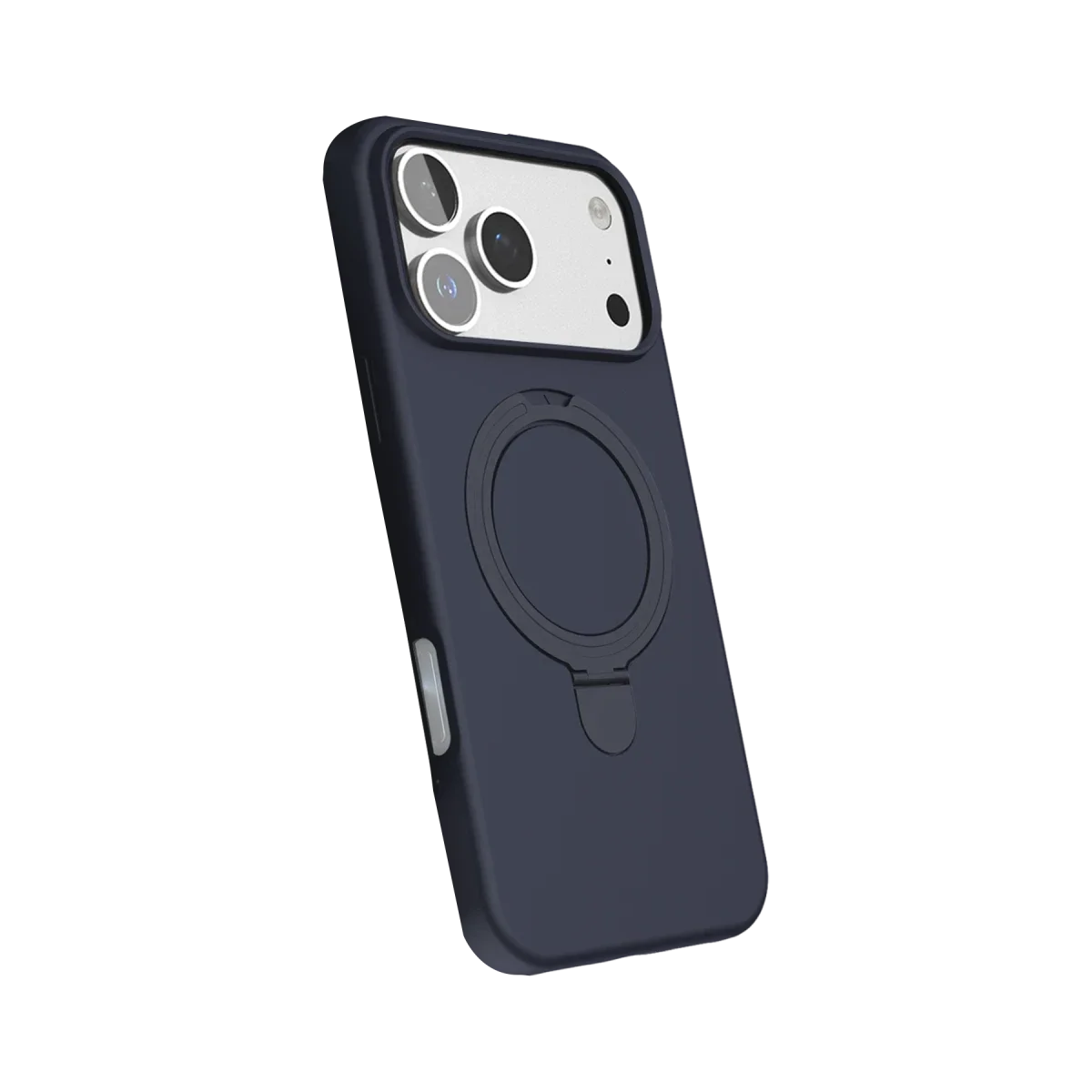 Apple iPhone 17 Pro Regal Magsafe Standlı Kapak - Lacivert görsel 3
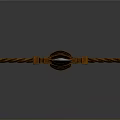 Traditional Decorative Sword With Sharp Metal Blade Red Handle And Ornate Golden Crossguard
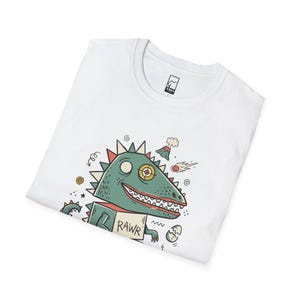 Funny RAWR T-Rex Shirt | Retro Dinosaur Graphic Tee, Kids Unisex Apparel image 15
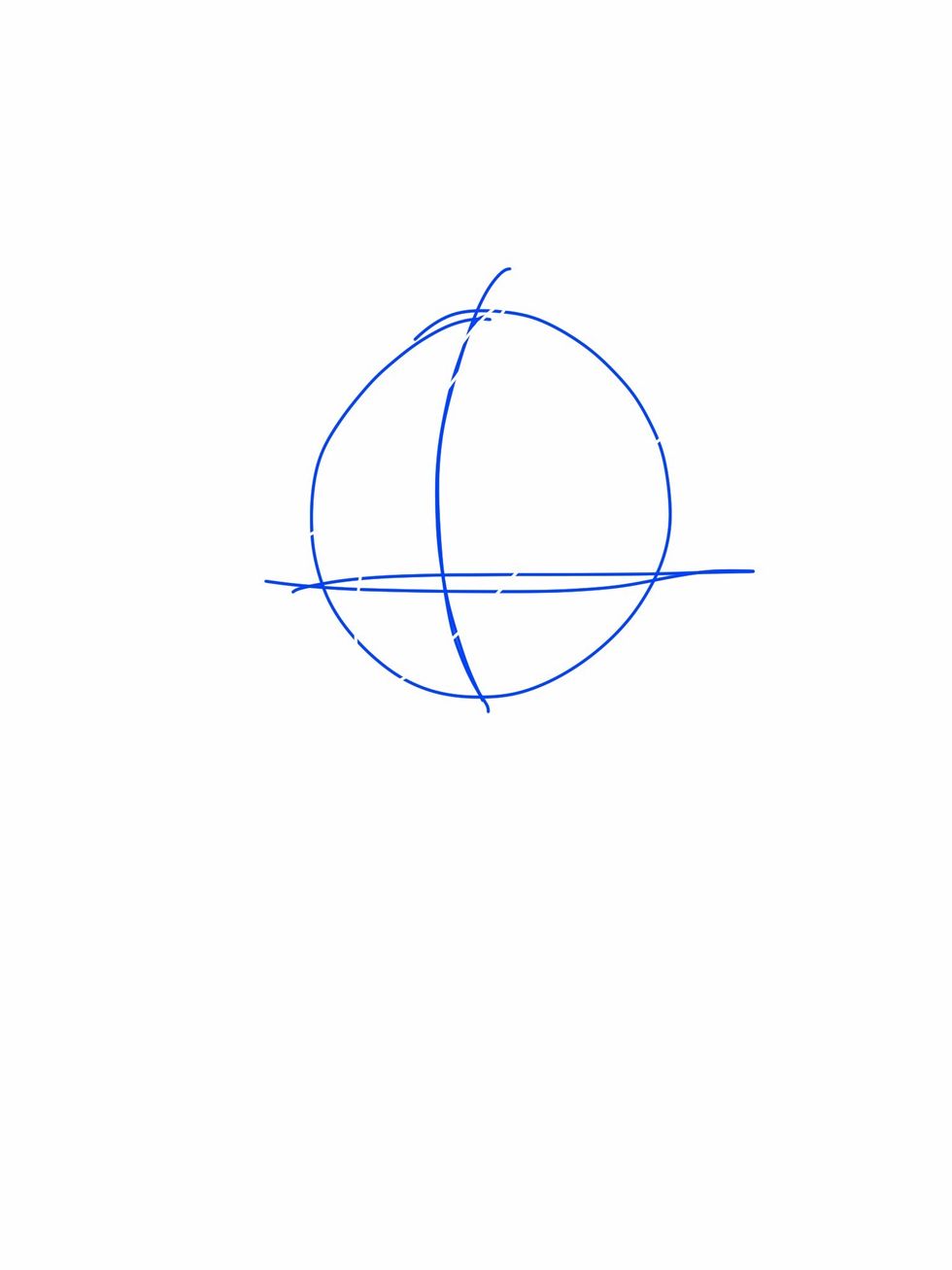 Make a circle with a cross somewhat like this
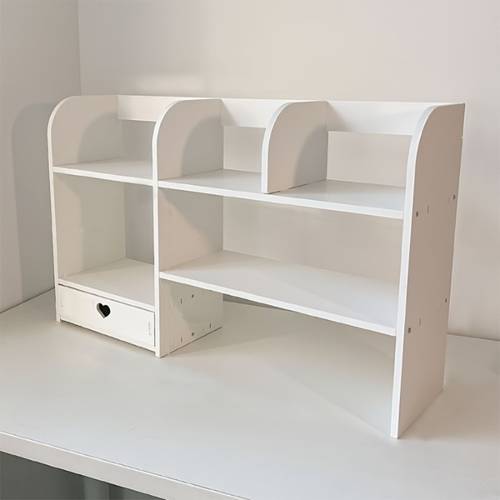desktop storage box multi level shelves rectangular office supplies storage cabinet solution makeup organizer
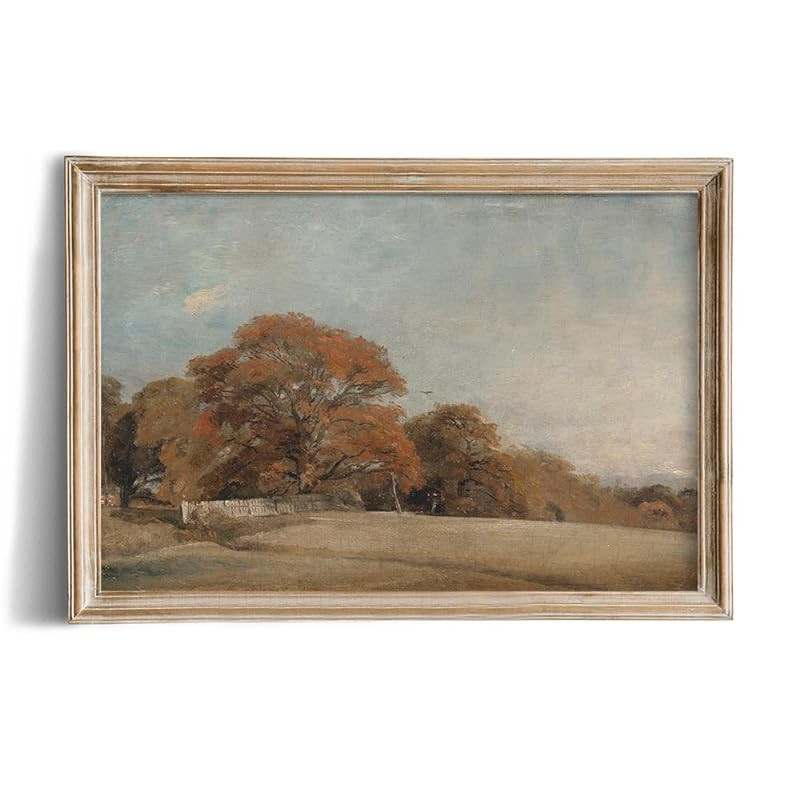 Rustic Farmhouse Wall Art Decor - Unframed Rolled 24x36 Large Canvas - Boho Landscape Picture - F... | Amazon (US)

——————

AIM OF THE EXERCISE
The data above must be copied exactly. Leave out the pictures.

RESPONSE BOX
 Apple iPhone 17 Pro Regal Magsafe Standlı Kapak - Lacivert görsel 3
 Traditional Decorative Sword With Sharp Metal Blade Red Handle And Ornate Golden Crossguard
 Funny RAWR T-Rex Shirt | Retro Dinosaur Graphic Tee, Kids Unisex Apparel image 15
 Make a circle with a cross somewhat like this
desktop storage box multi level shelves rectangular office supplies storage cabinet solution makeup organizer
 Rustic Farmhouse Wall Art Decor - Unframed Rolled 24x36 Large Canvas - Boho Landscape Picture - F... | Amazon (US)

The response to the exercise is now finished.